*EXERCISE DIRECTIONS*. An exact copy of every record below is required, with the pictures left out.

* * * * * * *

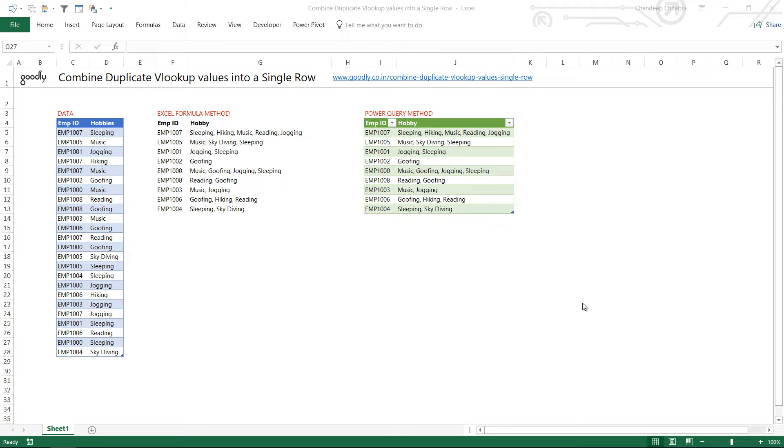Hi here with Chandipair Goodly once again and in this video I'm going to show you how you can combine duplicate VLOOKUP values into a single row using a delimiter like a comma or a space.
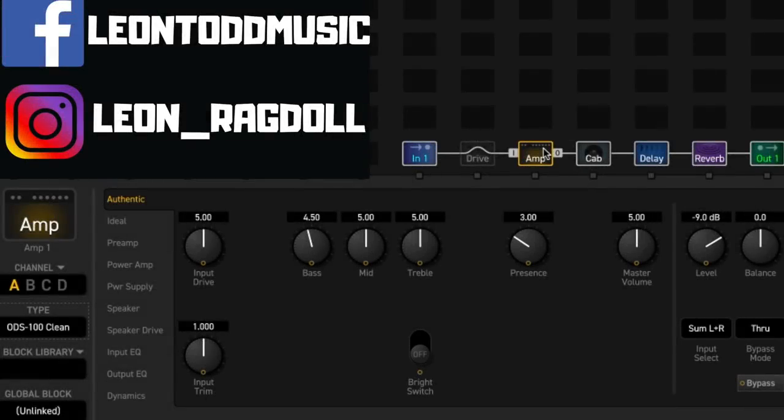One of the many things that I love about using the Axe FX is you can approach building a rig in an orthodox fashion or you can be completely unorthodox about it, often in ways that would just not translate to the real world.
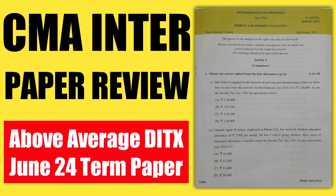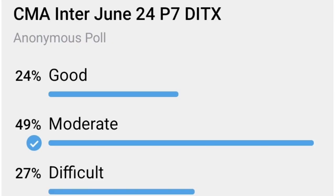So do let me know in the comment box how many marks from the Direct Tax and Indirect Tax portions you attempted. Also, whether the Direct Tax portion came difficult or the Indirect Tax portion came difficult, because as you are aware, Paper No. 7 has a vast syllabus.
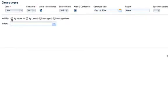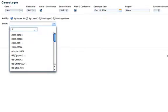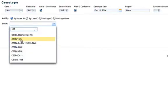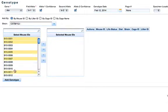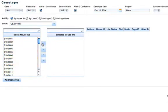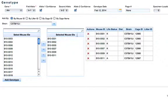I'll add by mouse ID and then select a strain. Then I'll go ahead and select multiple mice and move them over to the selected mouse IDs section.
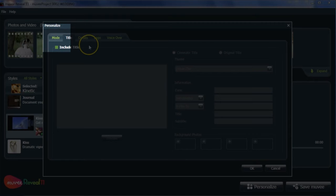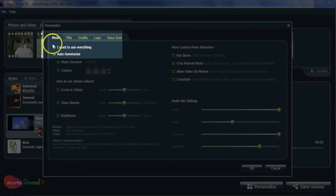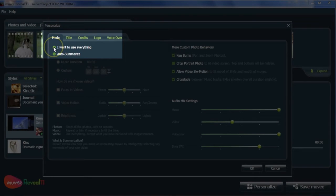Click on Mode. To show all photos and videos, click on 'I want to use everything.' We don't recommend this feature if you have a lot of video footage — we don't want the audience to fall asleep.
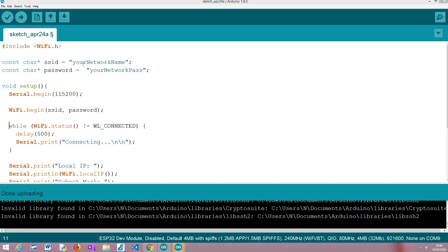Hello, in this tutorial we are going to learn how to set a static IP address for the ESP32 on a local network. As target board, I'm going to be using a Fire Beetle board from DFRobot. If you have experience connecting your ESP32 to your own Wi-Fi network, you've probably noticed that in some cases it might not always get the same local IP address.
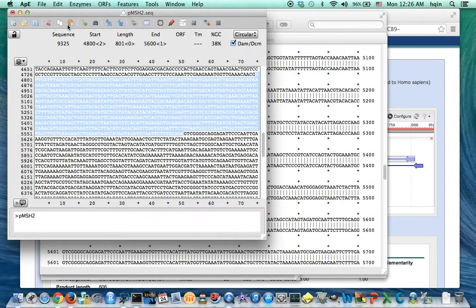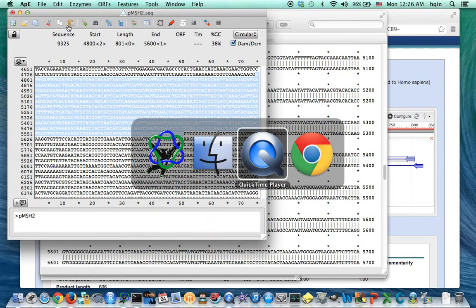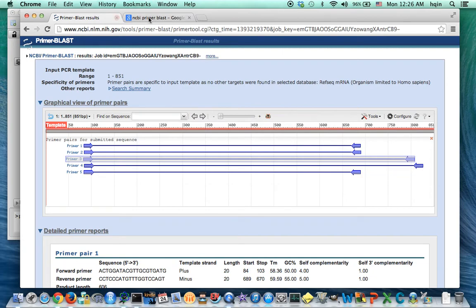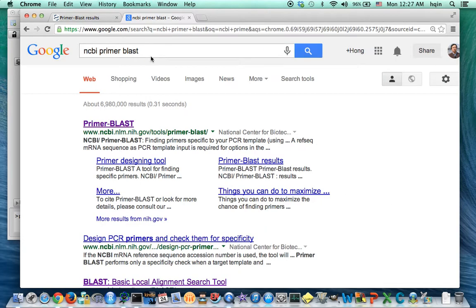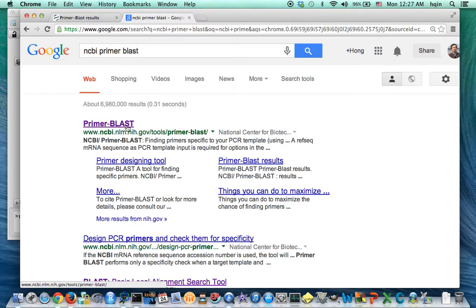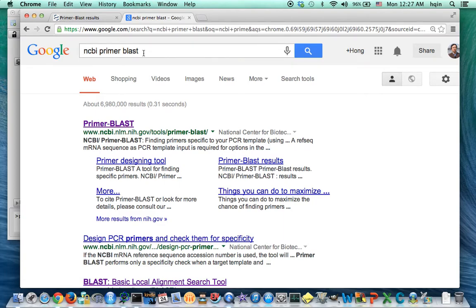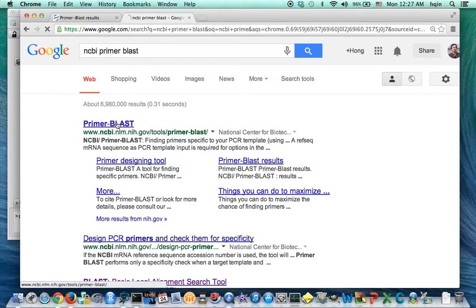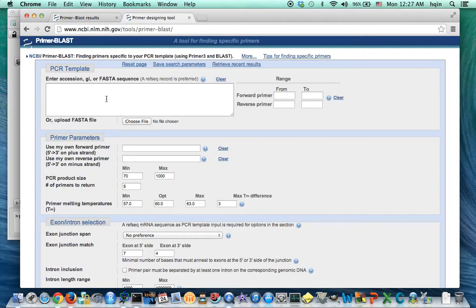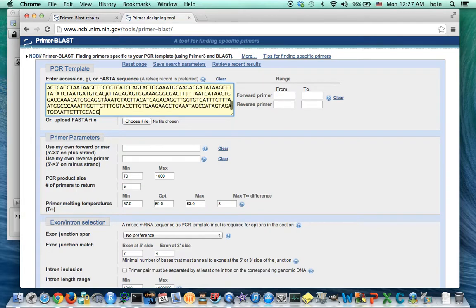Now then I go to a website called NCBI Primer Blast. So you can just Google NCBI Primer Blast, and usually that's the first hit. So once you click that, you can copy paste the sequence into it.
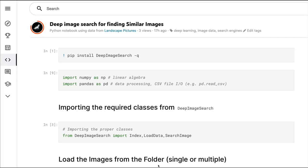Dear fellow coders, welcome to One Little Coder. Let's say you have a bunch of images in a particular folder and you want to find images that are similar in nature. Maybe there's a shoe and another shoe and you want to find these two images.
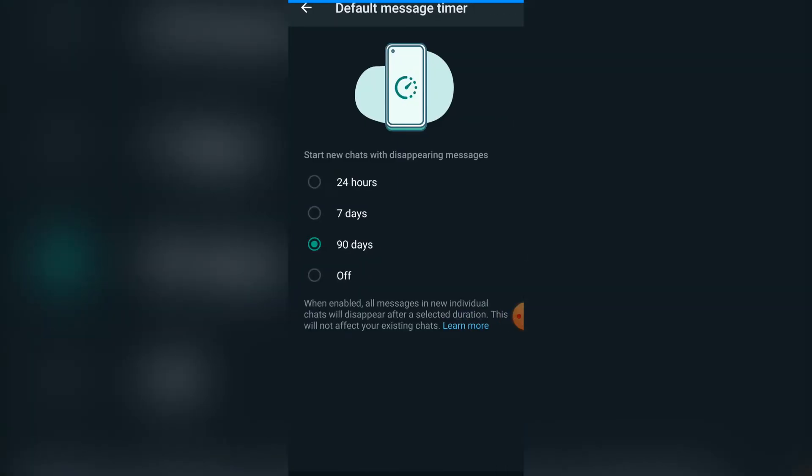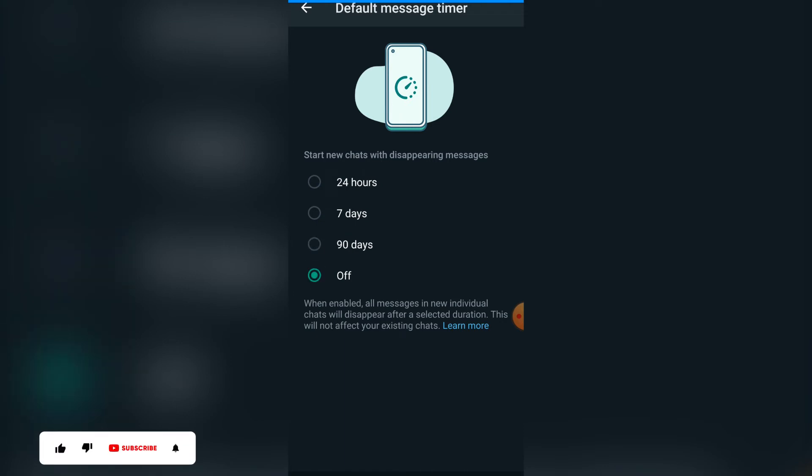You can see you can simply set it to 24 hours, 7 days, or 90 days. Or if you don't want your messages to disappear, you can simply put it on Off.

* * * * * * *

*RESPONSE TO THIS EXERCISE*.
Hi here with Chandipair Goodly once again and in this video I'm going to show you how you can combine duplicate VLOOKUP values into a single row using a delimiter like a comma or a space.
One of the many things that I love about using the Axe FX is you can approach building a rig in an orthodox fashion or you can be completely unorthodox about it, often in ways that would just not translate to the real world.
So do let me know in the comment box how many marks from the Direct Tax and Indirect Tax portions you attempted. Also, whether the Direct Tax portion came difficult or the Indirect Tax portion came difficult, because as you are aware, Paper No. 7 has a vast syllabus.
I'll add by mouse ID and then select a strain. Then I'll go ahead and select multiple mice and move them over to the selected mouse IDs section.
Click on Mode. To show all photos and videos, click on 'I want to use everything.' We don't recommend this feature if you have a lot of video footage — we don't want the audience to fall asleep.
Hello, in this tutorial we are going to learn how to set a static IP address for the ESP32 on a local network. As target board, I'm going to be using a Fire Beetle board from DFRobot. If you have experience connecting your ESP32 to your own Wi-Fi network, you've probably noticed that in some cases it might not always get the same local IP address.
Now then I go to a website called NCBI Primer Blast. So you can just Google NCBI Primer Blast, and usually that's the first hit. So once you click that, you can copy paste the sequence into it.
Dear fellow coders, welcome to One Little Coder. Let's say you have a bunch of images in a particular folder and you want to find images that are similar in nature. Maybe there's a shoe and another shoe and you want to find these two images.
You can see you can simply set it to 24 hours, 7 days, or 90 days. Or if you don't want your messages to disappear, you can simply put it on Off.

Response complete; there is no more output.